Giuseppe Scaraffia si conferma quell’autore delizioso che é sempre stato. La sua attenzione nei confronti del ‘particolare’, del frivolo é una conseguenza del suo amore per tutto ciò che sfugge all’occhio comune e banale. Sono i particolari che ci aprono le porte di mondi inimmaginabili, che ci fanno capire una situazione, una persona e la sua anima, un sentimento, un’epoca, un artista. I capitoli di questo volume, dal titolo ‘anello, assenzio, bastone, cappello, cappotto, doppiopetto, …pistola, profumo, tradimenti, vestaglia…’ sono squarci che si aprono come sipari sulla scena di quello spettacolo – a volte esaltante, a volte minimo e insignificante – che é la vita dei nostri amati autori. Una sorta di dizionario che ci accompagna nelle biografie poco conosciute di scrittori e scrittrici, nelle loro manie e nei loro gusti, con aneddoti e scene che ce li fanno capire e amare ancora di piu’. Scaraffia ci ricorda che, per Einstein ‘la prima necessità dell’uomo é il superfluo’, come a volerci introdurre nel mondo descritto, e nei suoi protagonisti: Balzac, Hammett, Wilde, D’Annunzio, Byron, Emily Dickinson, Hemingway, Sartre e tanti altri. Una lettura piacevole, che ci fa sorridere e che ci rende ancora piu’ vicini e umani i giganti della letteratura, con le loro fragilità e con le loro simpatiche e, talvolta, nevrotiche fissazioni.

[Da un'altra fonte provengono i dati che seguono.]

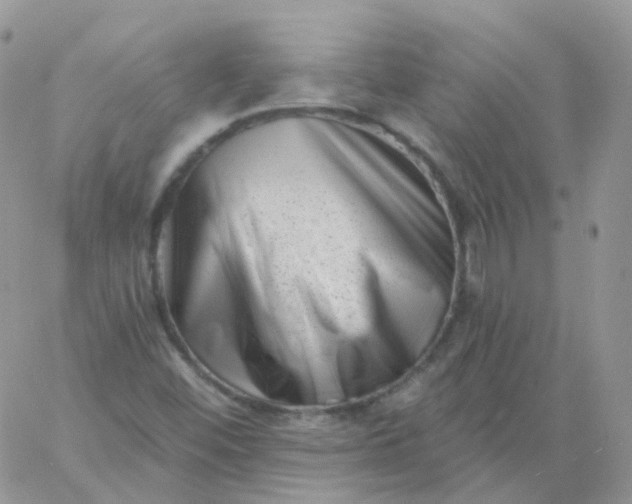 X0000060791452200511241832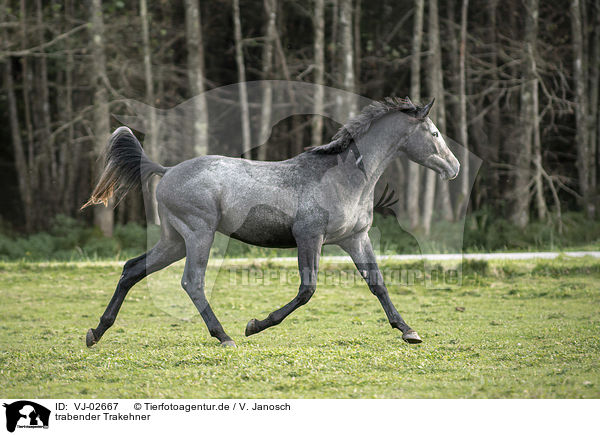 trabender Trakehner / trotting Trakehner / VJ-02667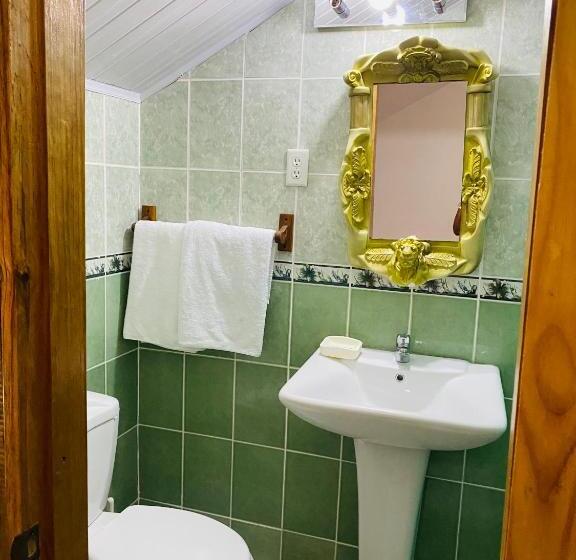 酒店 Caribbean View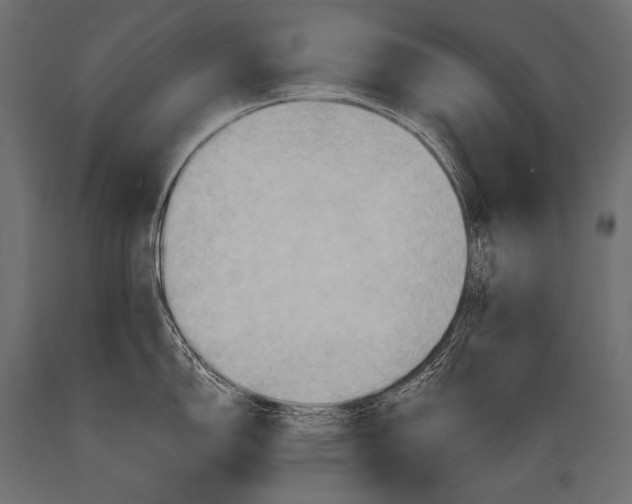 X0000088861150200706291512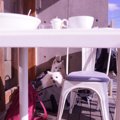 愛犬と世界一の朝食…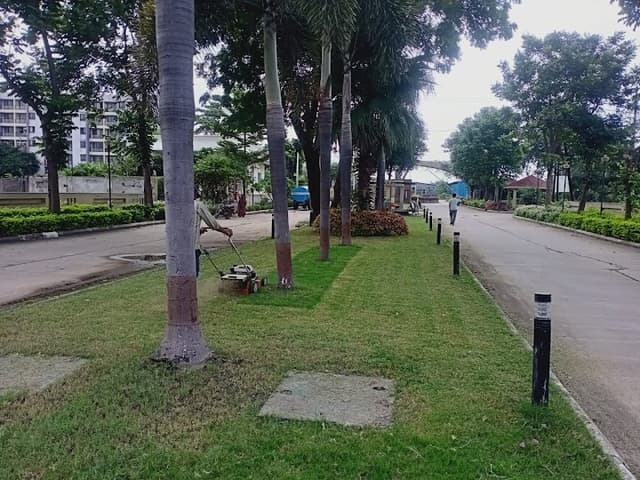 NARIMAN BOYS PG
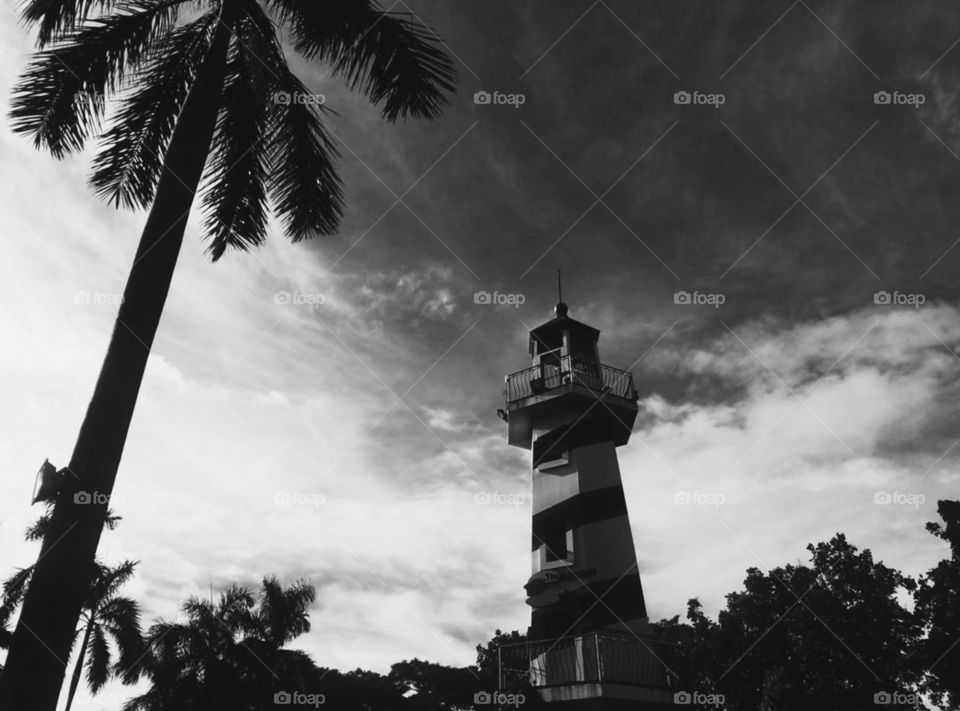 lighthouse and palm trees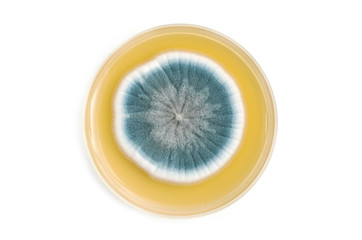 fungi on agar plate over white background © Olha Rohulya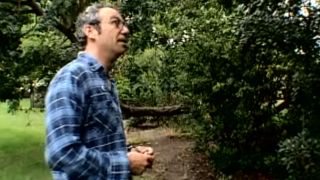 Mike Watt looking up into a tree in We Jam Econo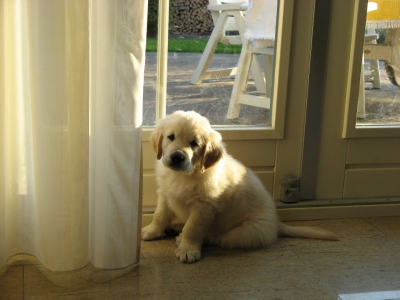 Golden retriever nest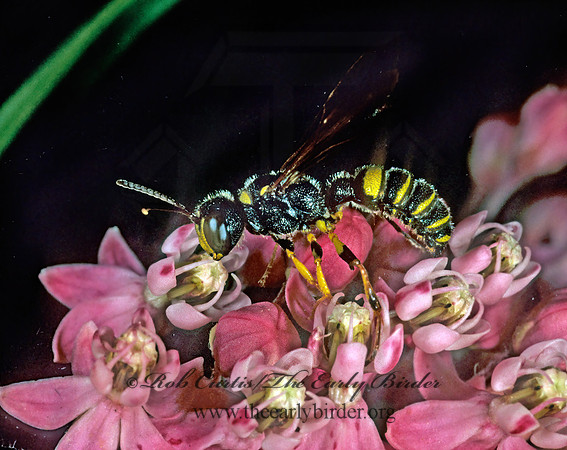 Cerceris  WEEVIL WASP 1273731z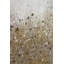 Art mural encadré CosmoLiving par Cosmopolitan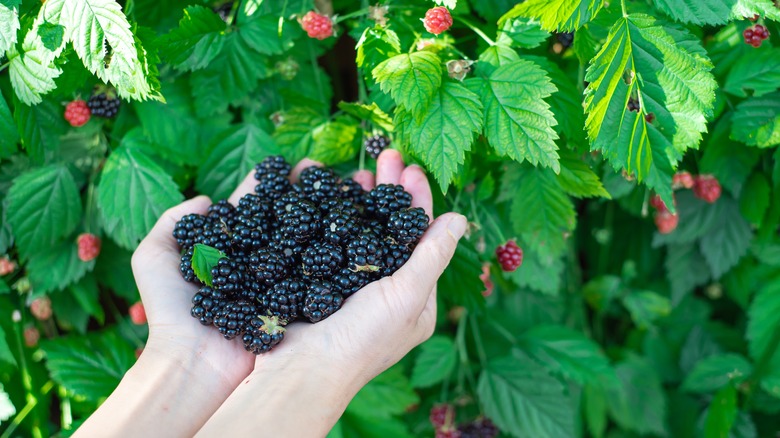 woman holding ripe blackberries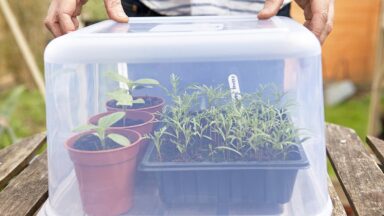 Iemand zet een plastic box omgekeerd over gekweekte plantjes.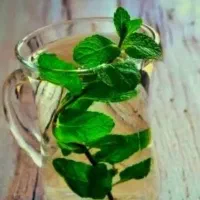 فروش 500لیتر عرق نعنا دوآتشه درجه یک سنتی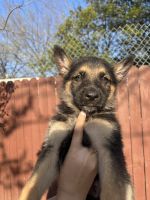 German Shepherd Puppies for sale in Dallas, Texas. price: $300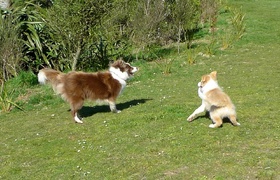 August - Journal Entries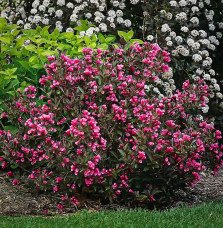 Pépinières Français PF_WEIGELA-fl7 WEIGELA florida 'Alexandra' / Weigela florida 'Alexandra'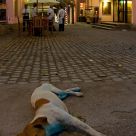 Stray and waiters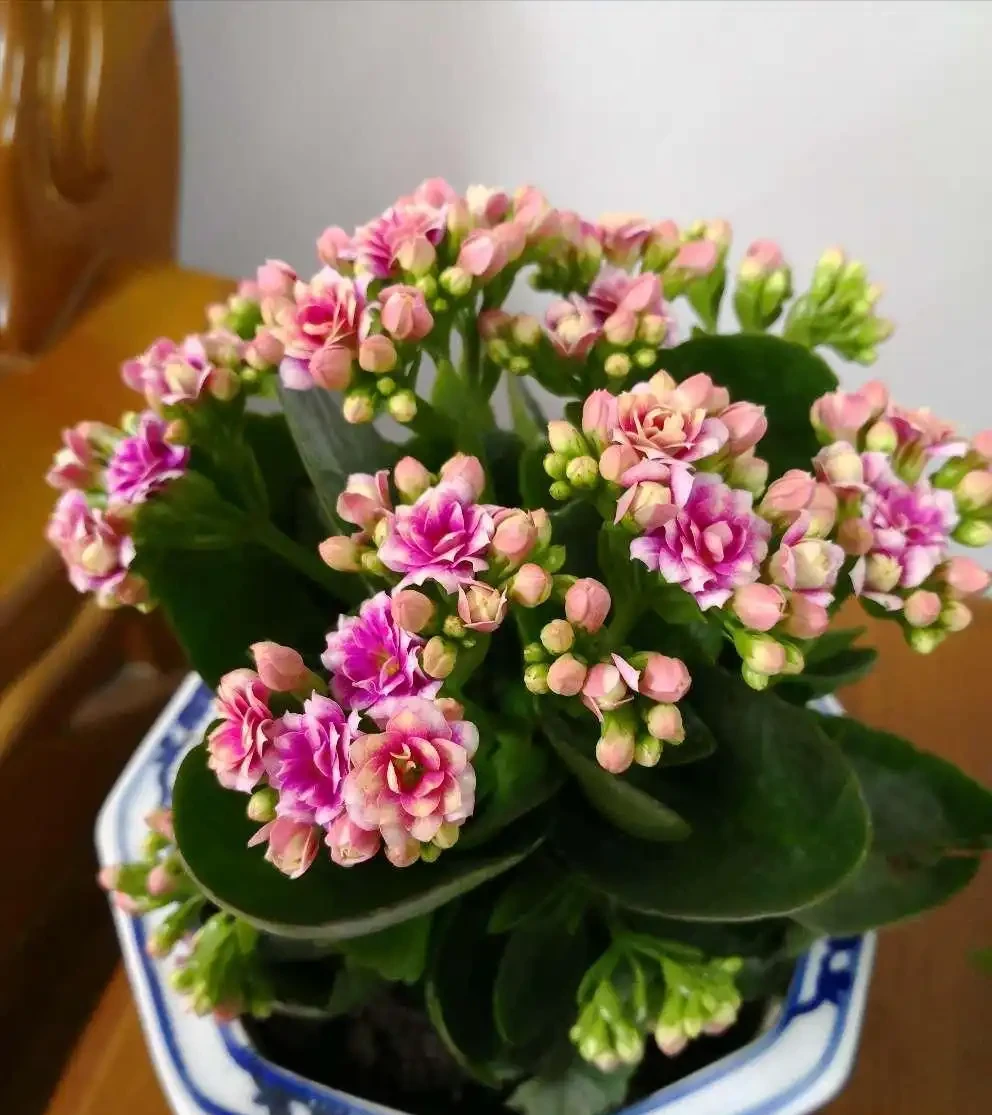 5種「耐寒花」,適合冬天養,多曬太陽,愛開花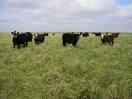 FORRAJERAS MODIFICADAS HACIA UN NUEVO MERCADO DE PRODUCCION DE CARNE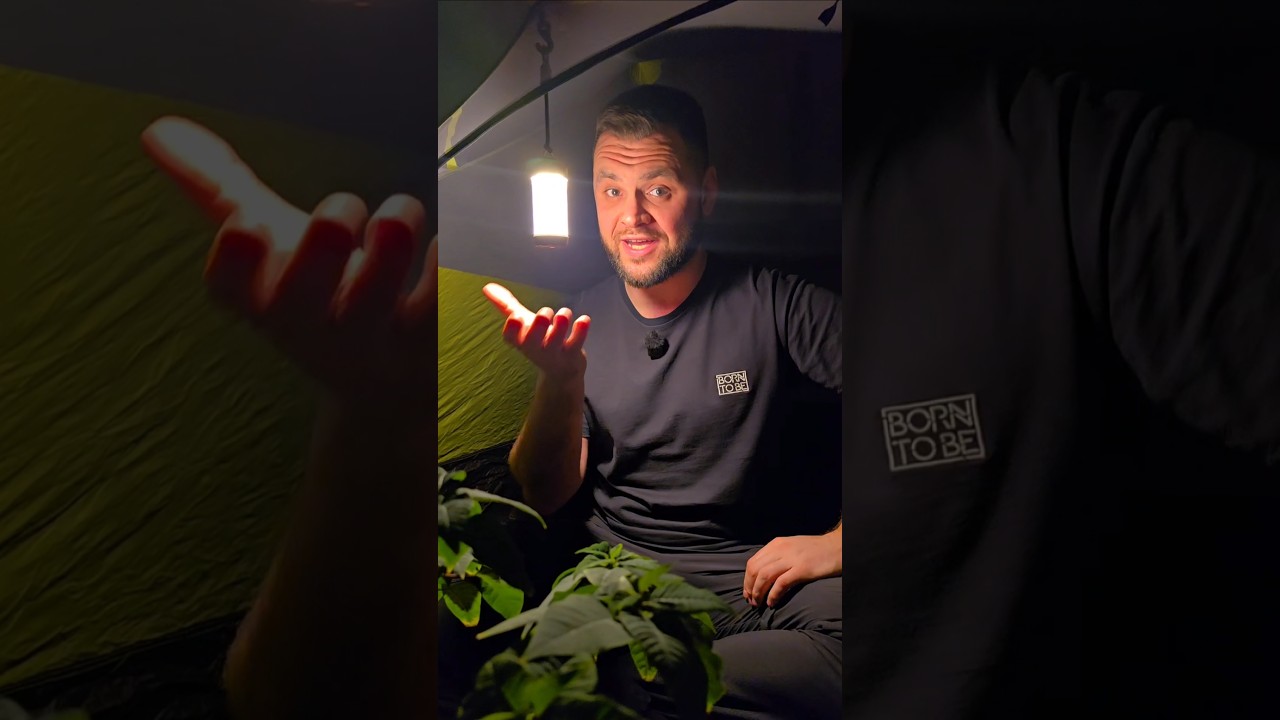 Как освещать палаточный лагерь в походе? Гирлянда, кемпинговый фонарь или налобный свет?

Giuseppe Scaraffia, nato a Torino, vive a Roma, dove insegna Letteratura francese nell’università La Sapienza. Collabora al «Sole-24 Ore» e ha pubblicato numerosi libri tra cui La donna fatale (1987), Infanzia (1987, 2013), Il mantello di Casanova (1989), Torri d’avorio (1994), Miti minori (1995), Il bel tenebroso (1999), Gli ultimi dandies (2002), Dizionario del dandy (2007), I piaceri dei grandi (2012) e Il demone della frivolezza (2016).